Undue Focus on Marks is Hurting Students
Success in Indian education, particularly at school level, is measured almost entirely in terms of marks obtained in some tests. A key goal of school education is to facilitate getting good higher education opportunities. And in India the higher education opportunities are almost entirely based on marks in class XII or some admission test like JEE. So, naturally, students, schools, and parents work towards maximizing marks in these exams in order to maximize their expected outcome. It is clear that focus on marks in Class XII and entrance tests is a good strategy for achieving the goal of good higher education opportunity. However, in colleges, particularly professional education institutions, the scenario changes completely – good marks/grades do not necessarily help in achieving the desired goals of college education. And actually, undue focus on marks can actually hurt the chances of achieving the desired goals. One of the desired outcomes for professional education like engineering degree is to get good placement. Almost all companies, when they come for campus placement, conduct rigorous tests and interviews – all focusing around students’ skills, knowledge, and ability. As companies are making substantial investment in the person they recruit, they spend a lot of time evaluating students rigorously, and are indeed able to separate students with better skills and knowledge from others. Almost all the companies that I have interacted with (and it is quite a few) when pointing out deficiencies in students mention shortcomings in knowledge and understanding which they uncover through their tests and interviews. (E.g. “does not have deep understanding of programming/algorithms/systems…”.) They never talk about grades and are never impressed just by the CGPA (I have yet to find anyone saying, “vow the student has a great CGPA, we will hire him/her”.) So, it is clear that for achieving a main goal of professional education, namely getting good placement, it is the knowledge and skills that matter – marks are at best an initial reflection of that. Students with better understanding, knowledge, and skills are the ones who will get the placements they desire. Now let me come back to the topic of this note – how undue focus on marks hurts. Students, in an attempt to get better marks, often resort to:
Cheating in assignments/projects – assignments and projects are important instruments of learning in professional education..

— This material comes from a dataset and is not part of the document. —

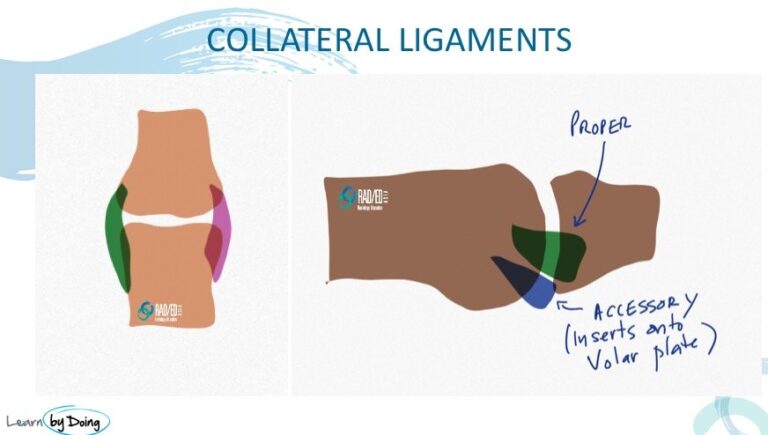 Finger collateral ligaments radedasia radiology education asia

Shallow learning – students learn just to give the test and get marks. Such learning does not improve the understanding/knowledge and never lasts.
As assignments and proejcts are always done in an unsupervised setting, in pursuit of marks, students often cheat (copy from friends, internet,…). Instead of struggling to solve these themselves, a struggle which is essential for developing the understanding as well as the capability of solving problems, students give up easily or take the easy way out. But this “easy way out” can at best get some marks – not for learning. There is NO easy way out for learning – knowledge and skills have to be acquired by the student him/herself – nobody can do the learning for someone else, and there is no royal road to learning. And shallow or passive learning may get marks, but certainly does not help develop deep knowledge or understanding that will last, or that will help in developing problem solving abilities. Any interviewer will be easily able to judge after spending some time with the student, that the understanding is shallow and bookish. To summarize, if a student wants higher education to help them achieve their goals in life, they must get out of the school mindset of focusing on marks and must focus on learning. Only with good learning can objectives/goals of higher education be met. I would like to add, however, that if a student learns well and deeply, good grades will come – I have never seen a student who has good understanding of the different subjects in his program and ends up with poor CGPA.